I feel profoundly grateful to be part of an interfaith families community, a community that allows my family to feel the transcendence of interfaith gatherings on a regular basis. On Sunday, just two days after the Newtown tragedy, we attended the annual Lessons and Carols service for Advent and Christmas. My husband and I sing in the choir, so we found ourselves at the front of the room, looking out at hundreds of parents still in a state of shock, many with arms wrapped around small children bewildered by all of the tight hugging and extra kisses.

In the choir, I stumbled imperfectly through the alto harmonies, and closed my eyes to receive the poems by Mary Oliver and Madeleine L’Engle. But this year, the imagery in song and readings became almost unbearably poignant—the innocence of the baby, the mother destined to lose her son. At the emotional climax, Rich Shegogue, an extraordinary tenor, stood alone, as he does each year, to sing “O Holy Night.” The refrain of “Fall on your knees. Oh hear, the angel voices!” and the alternation of soaring and tender musical phrases, broke open the hearts of many parents. Gazing out through tears, I saw Christians and Jews alike weeping, including our choir director, Rich’s Jewish wife Marci, who must have heard Rich sing this carol hundreds of times before. But never before like this.

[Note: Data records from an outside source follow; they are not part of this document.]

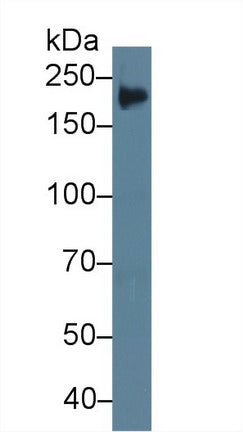 Western Blot; Sample: Recombinant protein.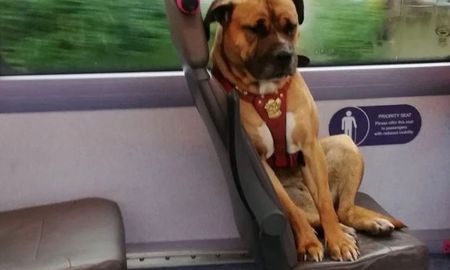 la historia de la desoladora foto de un perro que es viral la historia de la desoladora foto de un perro que es viral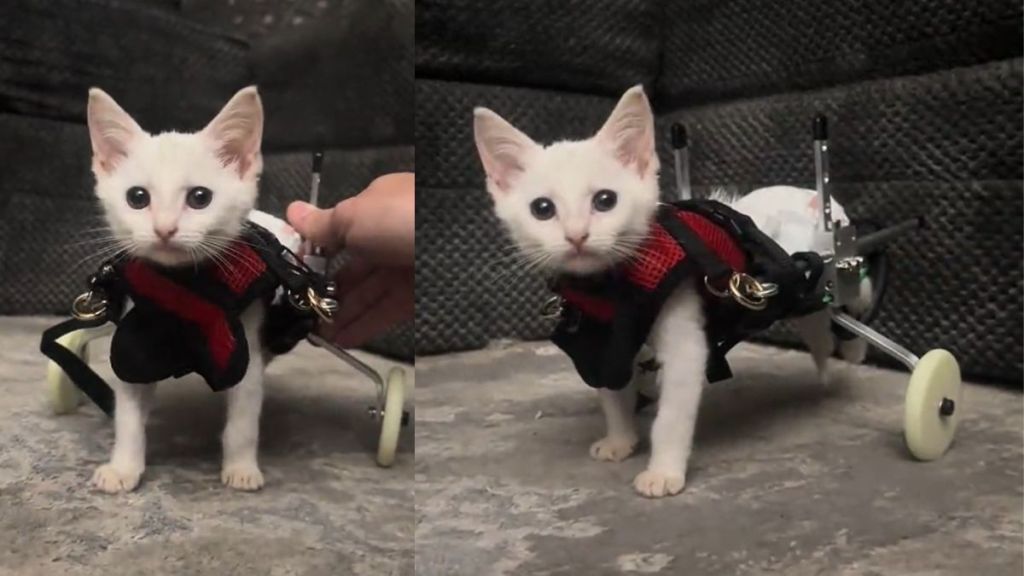 Paralyzed kitten named Scoot taking her first steps in wheelchair in viral TikTok video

In the darkness of the solstice, in the darkness of tragedy, we crave community. For interfaith families, finding community has not always been easy. Some of us have found homes in churches or progressive synagogues, or in Unitarian-Universalist communities, or in the Ethical Society. Some of us have created our own interfaith families communities in order to teach both religions to our children. In an interfaith families community, both Christians and Jews have permission to take solace in the beauty of the story of the birth of Jesus, without having to agree on whether or not he was the messiah.

As Christians and Jews who married across religious boundaries, we each approach a service like the Lessons and Carols from our own personal theological perspective. Whether we understand the Christmas story as history, or metaphor, or myth, or mystery, we are glad to live in a time and place when we can experience it together, sharing both comfort and joy.